Assignment — Using the records below, write out only the lines from the line containing "The Concert Fleece" up to and including the line containing "1859 S Beech Ct, Wichita, KS 67207", exactly, with no pictures.

Record extracts —
[Start of section]

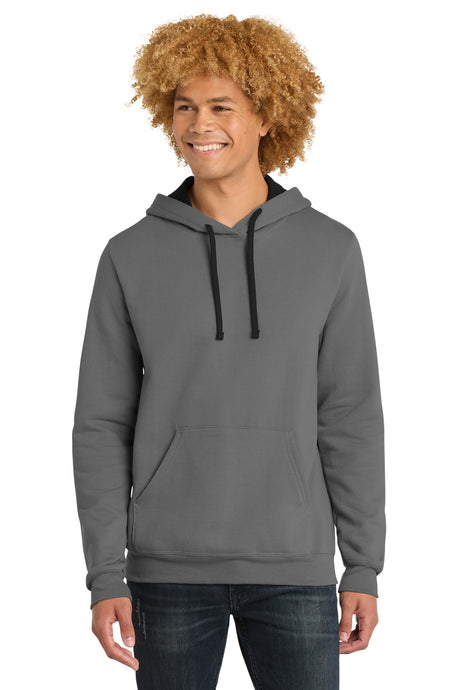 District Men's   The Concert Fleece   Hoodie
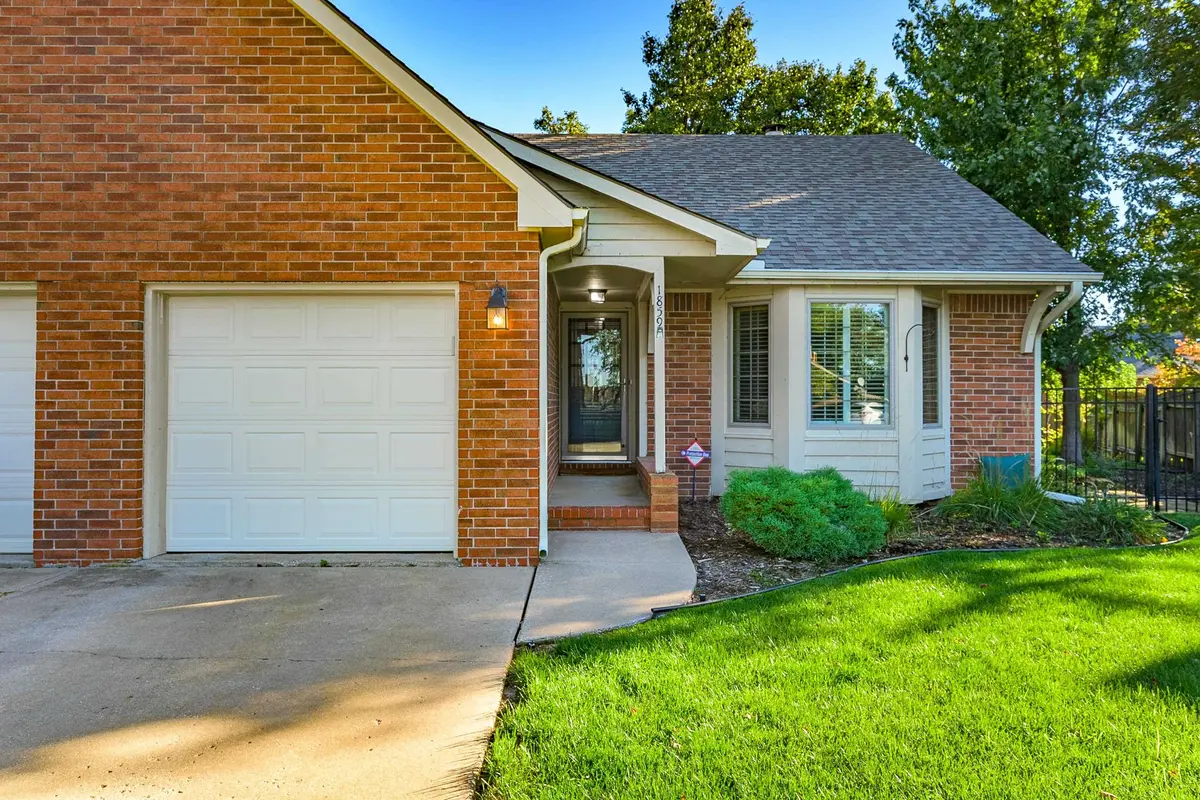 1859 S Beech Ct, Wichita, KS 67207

[End of section]
[Start of section]

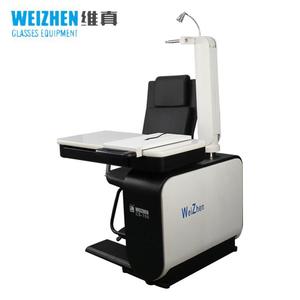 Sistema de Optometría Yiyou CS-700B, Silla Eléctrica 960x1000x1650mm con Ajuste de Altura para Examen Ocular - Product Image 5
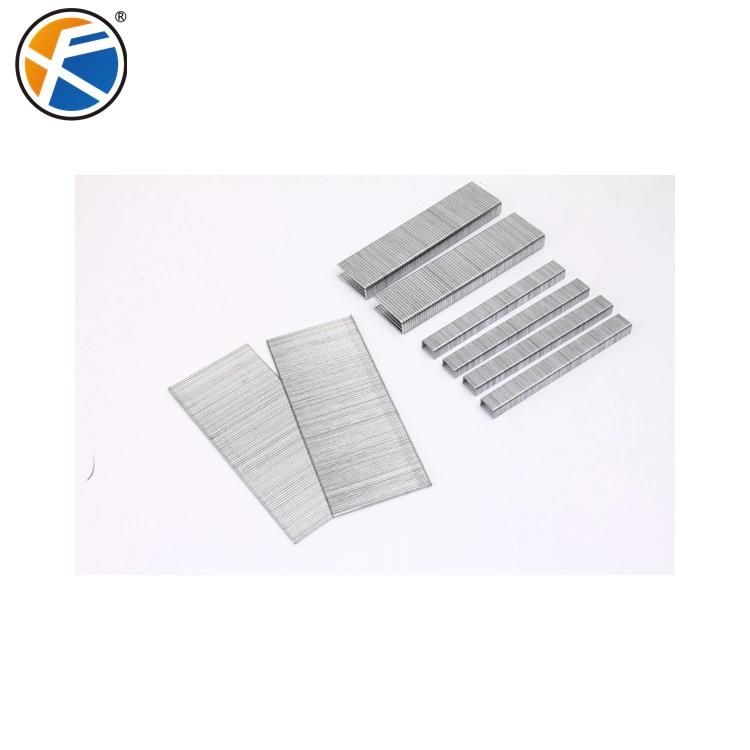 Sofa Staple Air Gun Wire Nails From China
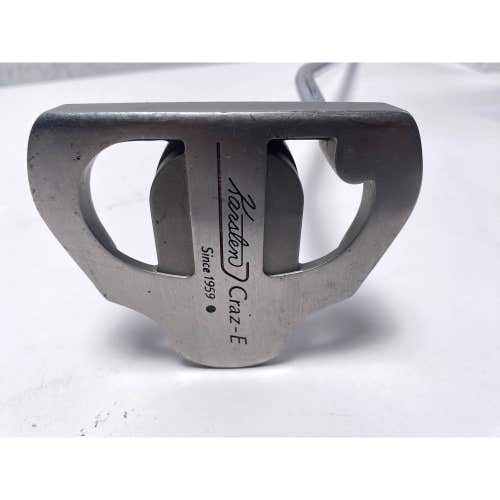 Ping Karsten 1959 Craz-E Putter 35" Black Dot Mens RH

[End of section]

Answer space —
 District Men's   The Concert Fleece   Hoodie
 1859 S Beech Ct, Wichita, KS 67207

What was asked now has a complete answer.